In recent literature, transformers have matched or exceeded SOTA benchmarks in time-series classification. Králik and Šuppa [8] WaveGlove Encoder, based on Transformers [14], have surpassed previous SOTA architectures on this task [8]. Inspired by this architecture, we benchmark a slightly modified version of WaveGlove on SignSpeak, adding a classification token ([CLS]) to the start of the input as done with BERT[15]. The input is passed through a learnable embedding and positional embedding table with the projected input being fed into an Encoder [14] with layer normalization before the self-attention and MLPs, as described by Dosovitskiy et al. [16]. The input format $\mathbf{x}\in\mathbb{R}^{T\times C}$ represents 5-flex sensor channels across time $T$ , before being projected into a dimension $D=32$ with the sequential nature encoded by the positional embedding. We utilized the GELU activation function[17] and the number of layers was $L=5$ . All Encoder and RNN parameters were found through a Cartesian product hyperparameter sweep.
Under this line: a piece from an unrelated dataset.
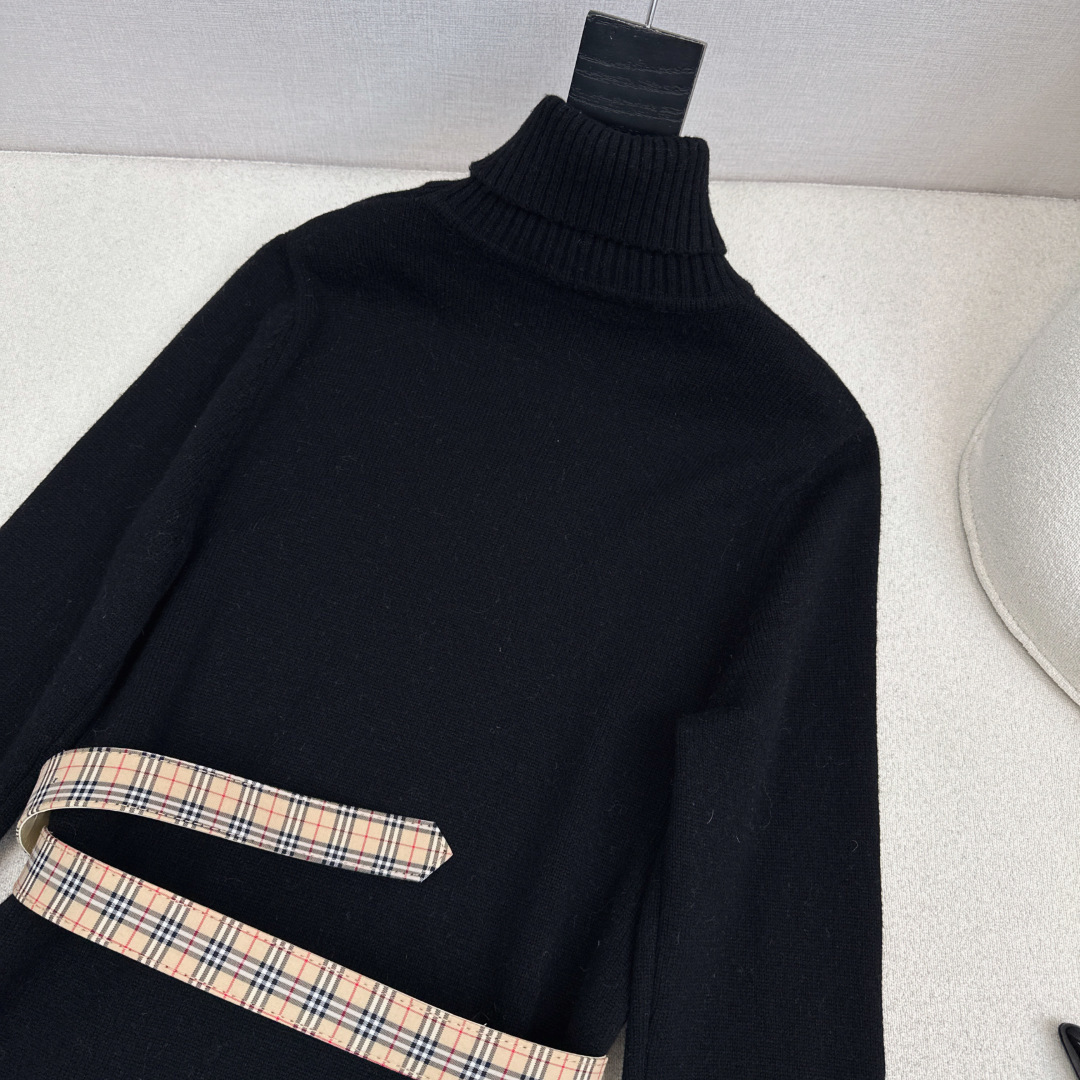 特价🉐️❗️现货齐码❗️不退不换❗️时髦秋冬裙子 Bur 25Ss————秋冬最新款假两件拼接做法高领羊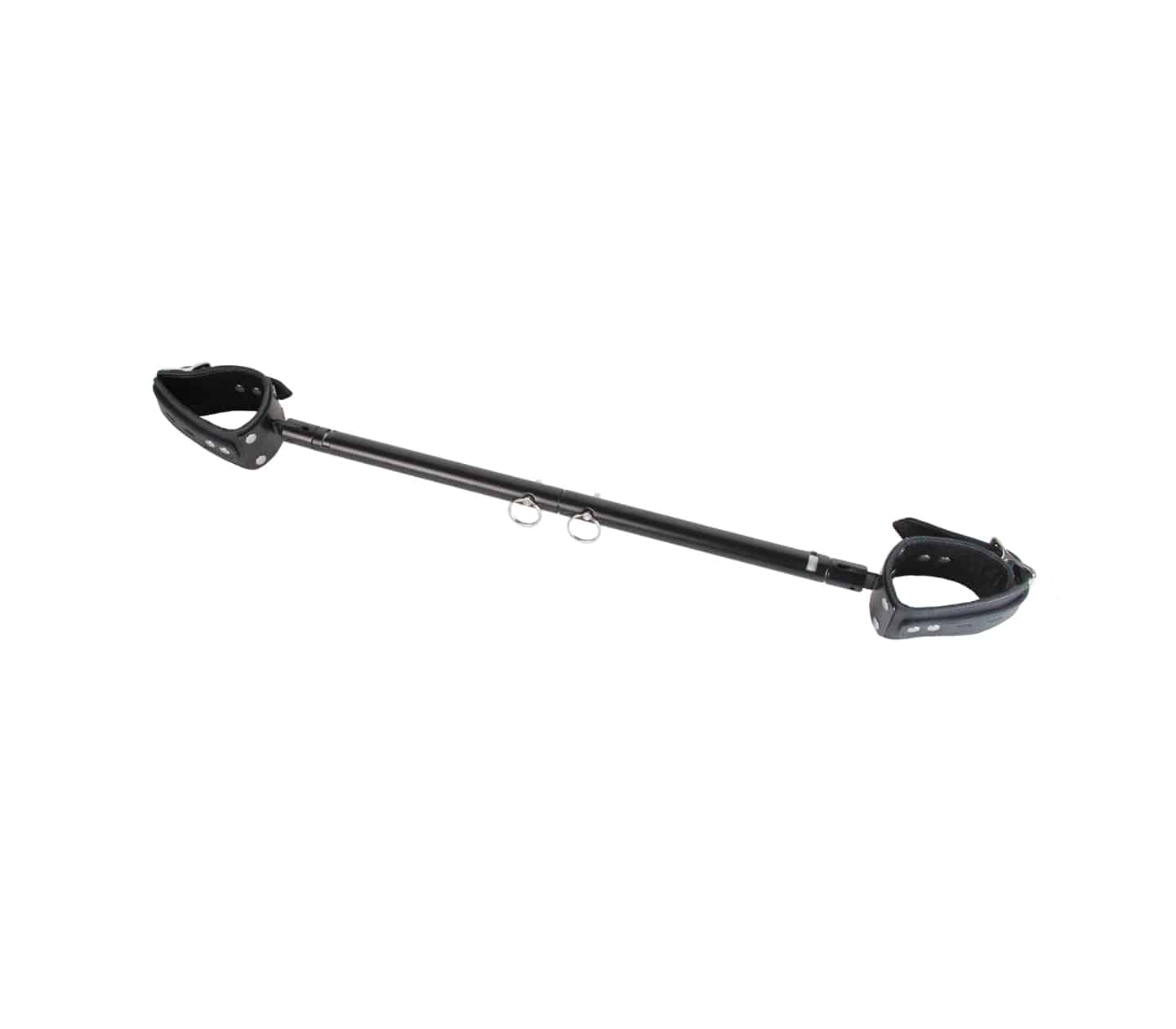 Love In Leather Black Metal Bar Shackle With Leather Cuffs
\mathbf{y_{0}}=[\mathbf{x}^{\text{class}},\mathbf{x}\mathbf{E}_{\text{emb}}]+% \mathbf{E}_{\text{pos\_emb}}

(5)

\mathbf{y_{l}}=\text{Encoder}(\mathbf{y_{l}}),\quad\text{where }l=1,2,\ldots,L

(6)

\mathbf{y_{\text{output}}}=\text{SOFTMAX}(\text{MLP}(\text{LN}(\mathbf{y_{L}}^% {(0)}))

(7)

The encoder is described by eq.(5) - (7), where $\mathbf{E}_{\text{emb}}\in\mathbb{R}^{C\times D},\ \mathbf{E}_{\text{pos\_emb}% }\in\mathbb{R}^{(T+1)\times D}$ .

4 Results

Table 1: Model description and results on accuracy, F1-score,

\sigma_{accuracy}

and

\sigma_{F1Score}

Model	Parameters	Categorical Accuracy	F1Score	$\sigma_{accuracy}$	$\sigma_{F1Score}$
Dense LSTM	63K	0.8348	0.8301	0.0110	0.0100
Dense GRU	51K	0.6692	0.6574	0.0565	0.0631
Stacked LSTM	64K	0.9167	0.9164	0.0067	0.0068
Stacked GRU	51K	0.9221	0.9218	0.0109	0.0110
Dense Stacked LSTM	96K	0.8876	0.8873	0.0194	0.0196
Dense Stacked GRU	76K	0.9192	0.9188	0.0079	0.0079
Encoder	67K	0.9136	0.8873	0.0078	0.0195

All models were trained with AdamW [18], with $B_{1}=0.9,B_{2}=0.999$ , a weight decay of 0.01, and a plateau learning rate decay on validation loss with a patience of 20 epochs of 0.5 starting from 0.001 until a minimum learning rate of 0.0001. RNNs were trained with a batch size of 64 for 15 minutes on an M2, and the Encoder was trained with a batch size of 256 for 15 minutes on a T4 GPU. All models used a 0.2 dropout probability. The metrics used to evaluate all models were categorical accuracy and the F1-Score. We utilized a stratified 5-fold validation and reported the standard deviation and average result of the held-out folds.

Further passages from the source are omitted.